Why It’s Good: I don’t usually go for politically-motivated works, but 2017 was a weird year and I, Daniel Blake was so moving and exceptionally-observed that I found myself rallying to the film’s anti-austerity, pro-social justice stance. That the film aligns with my burgeoning leftist politics explains part of my reaction to it, but more than that, the film showcases a deep sympathy for ordinary human beings and a righteous anger at injustices good people have to endure. You shouldn’t have to love Jeremy Corbyn to appreciate this film’s portrait of the life of the working poor.
9. Star Wars: The Last Jedi (dir. Rian Johnson)
What It’s About: The ragtag Resistance, led by General Leia Organa (Carrie Fisher), tries to escape the clutches of the First Order and live to fight another day while Rey (Daisy Ridley) tries to convince the last Jedi, Luke Skywalker (Mark Hamill), to abandon his exile and help restore peace to the galaxy.
Why It’s Good: As you can see from our Roundtable Episodes, The Last Jedi is a divisive film, but there’s a lot to recommend it, even if (like me) you don’t embrace every aspect of its themes and have reservations about its treatment of Luke Skywalker. While it didn’t deliver what I wanted as a diehard Star Wars fan, it did deliver rousing entertainment, while also making me reconsider notions of heroism and the balance between Light and Dark. Few blockbusters have so surprised me with their turns of narrative or their flashes of visual imagination. As a Star Wars film, it may leave a little to be desired, but as a big Hollywood movie, it’s exceptional.
10. Good Time (dir. Josh and Benny Safdie)
What It’s About: A low-life criminal (Robert Pattinson) tries to rescue his mentally-challenged brother (Benny Safdie) from police custody after a bank job gone wrong.

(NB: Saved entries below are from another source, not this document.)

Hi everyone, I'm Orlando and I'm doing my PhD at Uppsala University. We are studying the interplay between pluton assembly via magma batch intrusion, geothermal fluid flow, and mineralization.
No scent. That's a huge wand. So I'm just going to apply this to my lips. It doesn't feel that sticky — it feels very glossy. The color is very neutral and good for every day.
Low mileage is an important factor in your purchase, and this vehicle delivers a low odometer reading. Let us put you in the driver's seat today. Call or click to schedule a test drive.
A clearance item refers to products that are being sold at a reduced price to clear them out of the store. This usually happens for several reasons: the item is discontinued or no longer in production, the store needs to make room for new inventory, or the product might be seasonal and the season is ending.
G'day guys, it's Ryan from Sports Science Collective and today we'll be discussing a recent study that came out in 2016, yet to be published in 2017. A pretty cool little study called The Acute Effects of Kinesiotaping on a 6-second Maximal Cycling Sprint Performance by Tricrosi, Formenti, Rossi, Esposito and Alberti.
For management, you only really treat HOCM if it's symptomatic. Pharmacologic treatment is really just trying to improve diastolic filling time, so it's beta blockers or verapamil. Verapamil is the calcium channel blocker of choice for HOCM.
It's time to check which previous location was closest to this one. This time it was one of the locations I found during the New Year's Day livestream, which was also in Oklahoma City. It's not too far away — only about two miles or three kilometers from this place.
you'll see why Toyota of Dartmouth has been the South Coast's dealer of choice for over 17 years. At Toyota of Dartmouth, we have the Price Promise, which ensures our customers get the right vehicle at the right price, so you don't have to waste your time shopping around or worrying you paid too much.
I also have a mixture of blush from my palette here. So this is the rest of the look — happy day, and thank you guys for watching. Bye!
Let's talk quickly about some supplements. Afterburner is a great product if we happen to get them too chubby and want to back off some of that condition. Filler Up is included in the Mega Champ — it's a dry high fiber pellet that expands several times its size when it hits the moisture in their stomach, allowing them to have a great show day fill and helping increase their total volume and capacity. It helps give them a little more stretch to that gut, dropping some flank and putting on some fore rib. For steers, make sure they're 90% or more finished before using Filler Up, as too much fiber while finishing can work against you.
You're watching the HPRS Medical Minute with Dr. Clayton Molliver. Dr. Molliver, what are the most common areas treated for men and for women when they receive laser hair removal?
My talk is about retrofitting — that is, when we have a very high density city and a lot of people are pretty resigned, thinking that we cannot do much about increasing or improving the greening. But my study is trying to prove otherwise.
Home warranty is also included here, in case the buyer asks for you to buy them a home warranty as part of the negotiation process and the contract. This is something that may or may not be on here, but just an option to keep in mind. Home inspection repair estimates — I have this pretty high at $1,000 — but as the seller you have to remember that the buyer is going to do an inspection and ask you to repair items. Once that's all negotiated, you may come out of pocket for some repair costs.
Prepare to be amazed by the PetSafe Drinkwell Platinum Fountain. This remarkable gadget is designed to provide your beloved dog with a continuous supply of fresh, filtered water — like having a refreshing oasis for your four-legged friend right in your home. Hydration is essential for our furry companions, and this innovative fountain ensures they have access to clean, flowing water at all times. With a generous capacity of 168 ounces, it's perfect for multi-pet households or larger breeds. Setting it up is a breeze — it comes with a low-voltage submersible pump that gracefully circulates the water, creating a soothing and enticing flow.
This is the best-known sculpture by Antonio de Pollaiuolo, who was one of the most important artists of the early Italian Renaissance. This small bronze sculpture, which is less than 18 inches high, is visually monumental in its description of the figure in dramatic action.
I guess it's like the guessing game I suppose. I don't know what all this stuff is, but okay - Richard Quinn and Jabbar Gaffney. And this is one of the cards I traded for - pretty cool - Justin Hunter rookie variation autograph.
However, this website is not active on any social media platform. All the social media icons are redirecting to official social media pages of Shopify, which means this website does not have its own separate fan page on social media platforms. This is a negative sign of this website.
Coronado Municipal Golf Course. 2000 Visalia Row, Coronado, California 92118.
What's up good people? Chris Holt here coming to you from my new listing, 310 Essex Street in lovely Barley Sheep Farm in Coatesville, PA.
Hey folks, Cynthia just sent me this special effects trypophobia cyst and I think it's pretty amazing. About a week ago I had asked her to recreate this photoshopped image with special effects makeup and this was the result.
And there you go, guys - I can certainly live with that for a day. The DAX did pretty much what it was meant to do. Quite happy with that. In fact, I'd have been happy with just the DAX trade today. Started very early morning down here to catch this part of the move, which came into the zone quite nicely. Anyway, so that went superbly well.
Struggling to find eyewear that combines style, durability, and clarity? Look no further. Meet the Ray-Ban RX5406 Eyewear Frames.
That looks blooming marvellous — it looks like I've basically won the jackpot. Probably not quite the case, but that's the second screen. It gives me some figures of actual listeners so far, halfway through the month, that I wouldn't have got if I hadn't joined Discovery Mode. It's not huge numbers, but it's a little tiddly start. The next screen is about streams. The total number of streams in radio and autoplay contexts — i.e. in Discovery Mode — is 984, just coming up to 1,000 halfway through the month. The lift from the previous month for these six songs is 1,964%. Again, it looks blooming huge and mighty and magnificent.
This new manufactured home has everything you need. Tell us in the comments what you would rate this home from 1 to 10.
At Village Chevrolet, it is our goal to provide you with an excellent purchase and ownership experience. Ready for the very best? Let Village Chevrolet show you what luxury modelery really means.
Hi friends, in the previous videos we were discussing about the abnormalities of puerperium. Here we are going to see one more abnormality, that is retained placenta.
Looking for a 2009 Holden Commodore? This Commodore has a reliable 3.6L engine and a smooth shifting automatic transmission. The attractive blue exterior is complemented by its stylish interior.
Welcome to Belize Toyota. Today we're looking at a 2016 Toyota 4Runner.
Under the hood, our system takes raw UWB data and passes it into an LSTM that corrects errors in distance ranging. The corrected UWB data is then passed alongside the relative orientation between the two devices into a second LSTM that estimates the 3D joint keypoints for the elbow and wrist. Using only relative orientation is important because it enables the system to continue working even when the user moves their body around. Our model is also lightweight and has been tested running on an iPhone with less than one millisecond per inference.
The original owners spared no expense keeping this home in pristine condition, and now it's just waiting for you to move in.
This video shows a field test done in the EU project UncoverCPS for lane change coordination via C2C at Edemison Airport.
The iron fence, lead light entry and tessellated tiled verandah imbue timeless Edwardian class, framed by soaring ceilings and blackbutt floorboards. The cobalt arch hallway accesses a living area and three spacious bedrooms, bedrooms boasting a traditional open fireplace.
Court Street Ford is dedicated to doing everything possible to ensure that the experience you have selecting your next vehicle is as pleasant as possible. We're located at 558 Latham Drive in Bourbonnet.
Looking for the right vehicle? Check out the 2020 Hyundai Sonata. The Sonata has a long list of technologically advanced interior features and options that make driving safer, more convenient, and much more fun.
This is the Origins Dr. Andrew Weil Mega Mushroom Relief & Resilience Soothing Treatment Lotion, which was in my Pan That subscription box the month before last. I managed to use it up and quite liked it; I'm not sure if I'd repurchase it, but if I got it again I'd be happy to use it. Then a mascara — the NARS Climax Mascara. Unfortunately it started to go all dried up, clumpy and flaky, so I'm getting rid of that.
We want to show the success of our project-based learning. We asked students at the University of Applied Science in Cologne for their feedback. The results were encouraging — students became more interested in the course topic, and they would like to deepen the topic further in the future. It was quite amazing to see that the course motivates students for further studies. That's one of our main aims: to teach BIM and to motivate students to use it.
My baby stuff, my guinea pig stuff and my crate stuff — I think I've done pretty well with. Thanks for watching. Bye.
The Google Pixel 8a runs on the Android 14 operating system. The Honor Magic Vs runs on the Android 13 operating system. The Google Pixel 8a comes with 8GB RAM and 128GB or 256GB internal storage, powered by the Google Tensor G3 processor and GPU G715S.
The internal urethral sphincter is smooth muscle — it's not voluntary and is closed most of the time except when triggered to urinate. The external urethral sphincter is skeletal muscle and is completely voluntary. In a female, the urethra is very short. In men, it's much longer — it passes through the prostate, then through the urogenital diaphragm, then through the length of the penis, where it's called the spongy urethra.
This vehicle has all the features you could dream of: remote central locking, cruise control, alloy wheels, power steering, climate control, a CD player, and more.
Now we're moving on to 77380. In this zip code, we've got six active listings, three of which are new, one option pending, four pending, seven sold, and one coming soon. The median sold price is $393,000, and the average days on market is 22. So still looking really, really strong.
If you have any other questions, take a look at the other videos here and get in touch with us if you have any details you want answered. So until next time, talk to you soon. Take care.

Why It’s Good: Good Time is a rush of gritty verve with a heart as big as the Ritz. As another entry in the hallowed subgenre of “one crazy night” films, Good Time delivers spectacularly, while also providing some well-defined character drama along the way. It swerves from one narrative detour to another as Robert Pattinson’s desperate, manipulative Connie tries every possible avenue to save his brother. Along the way, it paints each person he meets with a brush of sympathy. Good Time is a rush, but it’s also deeply empathetic filmmaking. I’m probably underrating it by having it so low on this list.
The Next 10 (In Alphabetical Order)
Alien: Covenant (dir. Ridley Scott)
The Disaster Artist (dir. James Franco)
Get Out (dir. Jordan Peele)
John Wick: Chapter 2 (dir. Chad Stahelski)
Lady Bird (dir. Greta Gerwig)
Mudbound (dir. Dee Rees)
Personal Shopper (dir. Olivier Assayas)
The Post (dir. Steven Spielberg)
Valerian and the City of a Thousand Planets (dir. Luc Besson)
Your Name (dir. Makoto Shinkai)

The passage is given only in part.